The university is yet to pay packages to those who have since parted ways with it and former employees have told CITE they are very much concerned that by the time they get their money it would be worthless considering the rate at which the local currency is weakening against major currencies.
"I think the university is intentionally dragging its feet until the packages are worthless," he added.
Sources said some employees have since engaged lawyers over the issue, with MSU now in a fire-fighting kind of approach and claiming to be dealing with the issue on a case by case basis.
"People have gone to various avenues to seek help and fairness," said a former employee.
"They (MSU) have been asked by the Labour Court to explain to employees the method used to pass compulsory retrenchment.
The sources further said the HR Department has told them with regards to the Health Services Department, the head of the department who said: "wanted to prove to us that he can stall our things" was to blame for his cruelty.
"Now looking at the paperwork, which is so transparent, it is so sad that they are failing even to explain or give reasons for the delays," the former employee said.
He said it was disheartening to note that the Health director who would tell nurses some of whom have landed jobs in the diaspora, they were easy to replace before they left, was now dragging his feet, stopping management from paying them their dues demanding that they come back to work.
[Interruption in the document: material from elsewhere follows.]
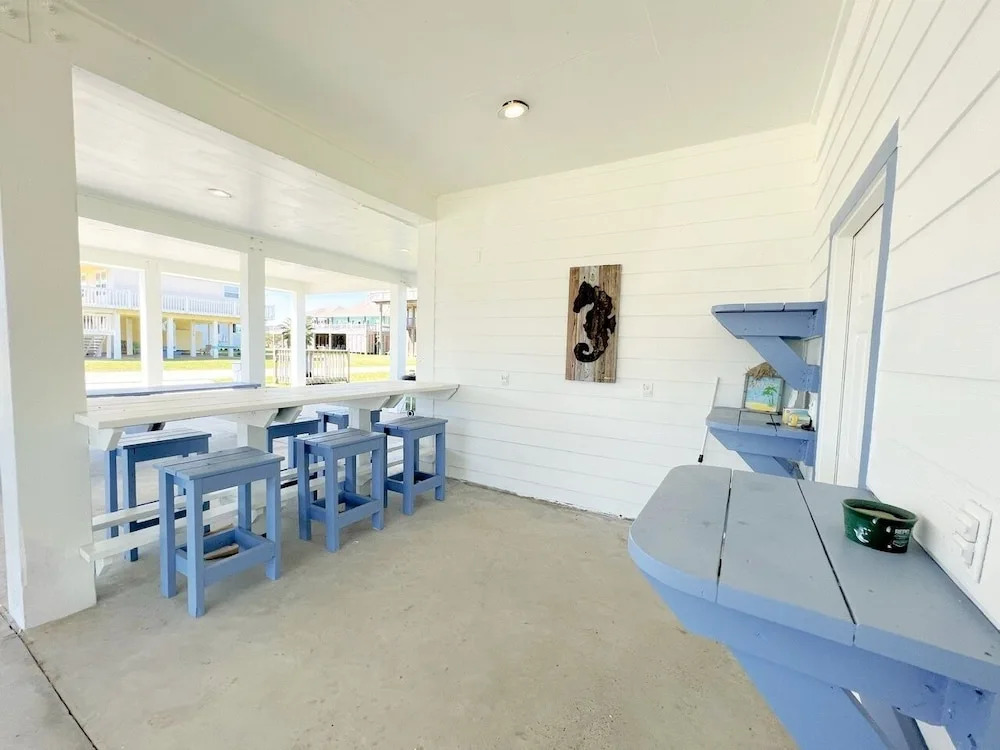 Beach'n Inn 3 Bedroom Home by RedAwning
MSU has however chosen to be tight-lipped about the unbecoming developments at the institution.
Contacted for comment, the university's director of information and public relations, Mirirai Mawere, initially requested that questions be sent to her via email which was done.
However, when a follow-up was made the following day Mawere said she was out of office adding someone else would get in touch with this reporter to give the university's side of the story.
MSU registrar, Tinashe Zishiri, then phoned and said they would only respond after meeting with this reporter, CITE editor, and director, and requested that it be done during the Zimbabwe International Trade Fair (ZITF) week in Bulawayo.
Attempts to convince him that all that was needed was to simply respond to the allegations raised against the institution without necessarily complicating things proved futile.
Upon being told that only this reporter and the editor would be available to meet MSU staff at ZITF, Zishiri cancelled the scheduled meeting insisting the director should also be there.
He added that they were even prepared to drive from Gweru to Bulawayo to meet CITE top leadership at a later date insisting there was no need to rush publishing the story.
Meanwhile, MSU an assistant bursar facing charges of defrauding the university of more than ZWL$10 million escaped at Gweru Magistrate's Courts before his matter was set down for trial last Thursday.
Norman Chiwanza, who was arrested last Wednesday and is now on the police wanted list, had been brought to court to answer allegations of defrauding the university of more than ZWL$6 million and US$30 110.
According to court papers, Chiwanza has been paying salaries to ghost workers, including his wife, from the university's coffers.